Hace dos décadas, Bolivia atravesaba un punto de inflexión. La acumulación de tensiones sociales y políticas fue el motor del descontento social y de la llamada “Guerra del Gas”, su cúspide violenta. En ese escenario, un liderazgo de línea sindical emergió como una promesa de transformación y justicia para quienes, en ese entonces, se sentían o eran excluidos. Pero las promesas tienen fecha de caducidad; luego, se convierten en mentiras.
La llegada de este liderazgo estuvo cargada de símbolos y reformas que abrazaban la narrativa del cambio: la nacionalización de los hidrocarburos, la Asamblea Constituyente y el cambio de nomenclatura de programas sociales que ya existían, junto con otros nuevos, fáciles de crear con recursos abundantes. Todo parecía responder a las demandas de igualdad y redistribución de la riqueza. Sin embargo, a la luz de los años, este “modelo” demostró ser simplemente una manera de administrar una caja chica, bastante grande, pero sin una intención genuina o consciente de asegurar fondos para las épocas de vacas flacas. Fue una negación deliberada o una dejadez irresponsable, todo a costa de mantener la popularidad.
Hago esta reflexión, que puede parecer carente de elementos novedosos, por un deber hacia las generaciones cuyas memorias más antiguas solo conocen este “modelo” como verdad. Negar que quienes hoy gobiernan tienen un pasado —y que, con ellos, todos quienes luchan por una sigla también lo tienen— sería absurdo. La narrativa de “nosotros contra ellos”, tan efectiva en el pasado para movilizar, es hoy insuficiente frente a un país diferente, donde coexisten quienes recuerdan los tiempos de la UDP y quienes enfrentan, por primera vez, una realidad que parece ajena. En la actualidad, la búsqueda de soluciones reales ya no se sacia con discursos, y ahí radica la mayor debilidad del gobierno: más allá de la narrativa, parece que nunca tuvo un plan. Si no pudo construirlo en 20 años, ¿por qué pensar que lo tendrá ahora o en el futuro?
Lo que en algún momento representó narrativamente el cambio, hoy simboliza continuidad y desgaste. La crisis actual de dólares y combustible es un ejemplo claro de los límites de una visión extractivista que, lejos de ser innovadora, marcó el principio de un fin. Aunque la economía creció significativamente durante los años de bonanza, no se diversificó, y los ingresos dependieron casi exclusivamente del gas. Ahora, con los yacimientos en números rojos y los precios fluctuantes en el mercado global, Bolivia enfrenta un déficit estructural y una crisis innegable.

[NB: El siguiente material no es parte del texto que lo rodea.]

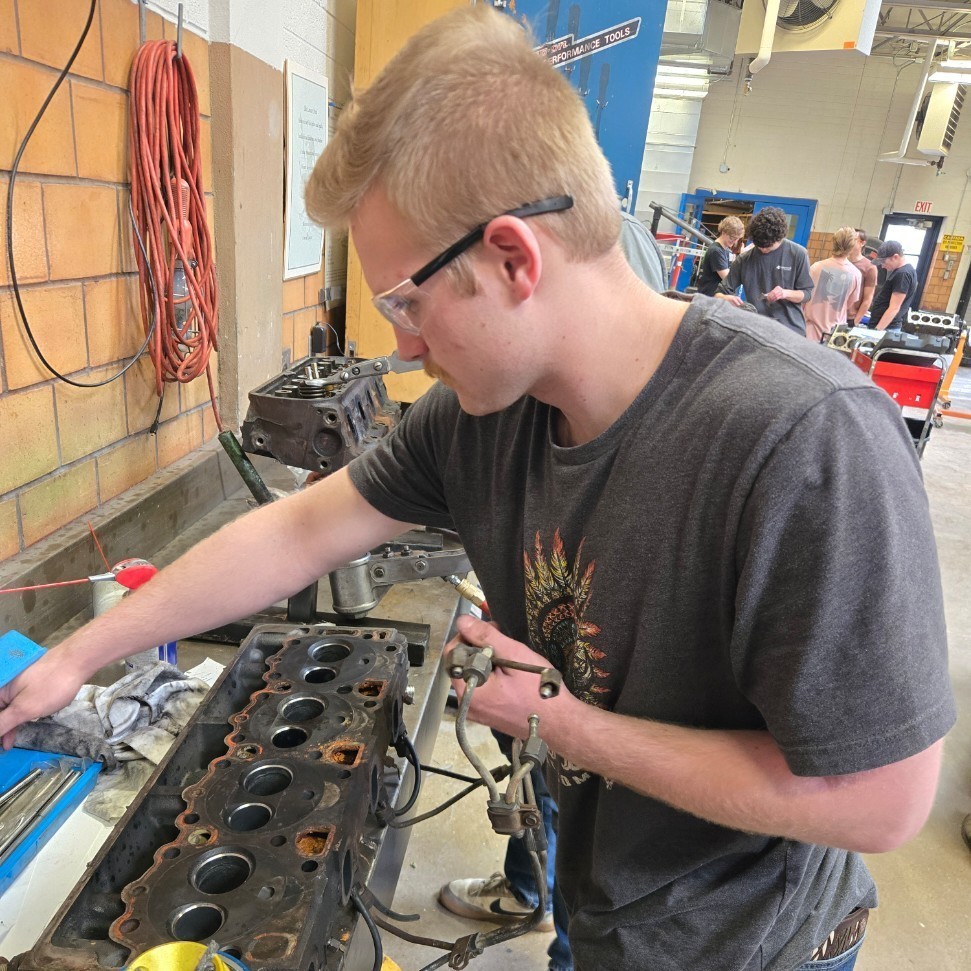 a student working on an engine head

Durante años, se habló de Bolivia como el "corazón energético de Sudamérica". Las promesas de industrialización quedaron en el papel porque era más importante mantener la narrativa de los “nosotros contra ellos”. Y con “ellos” me refiero al sector privado y a aliados internacionales que no encajaban en su discurso. Esta historia de división, disfrazada de inclusión, nos ha llevado, 20 años después, a la puerta de una crisis cuya salida será dolorosa. La realidad es que el país depende de importaciones de combustible e insumos que hoy ya no es posible subsidiar. El globo se ha pinchado, y no hay varita mágica que lo repare. Por eso, parece que flotamos a la deriva.
El rol del sector privado ha sido complejo. Durante los años de bonanza, el gobierno mantuvo una relación tensa con los empresarios, frecuentemente retratados como opositores a su proyecto político. El discurso gubernamental oscilaba entre la confrontación y la colaboración, esta última solo cuando resultaba conveniente. Sin embargo, fue este mismo sector privado el que mantuvo activos los motores de la economía —agricultura, industria, manufactura— a pesar de las trabas burocráticas y la falta de incentivos para la inversión. Ese motor productivo privado es lo único que queda vivo hoy, pero está al borde del colapso, y no por falta de voluntad.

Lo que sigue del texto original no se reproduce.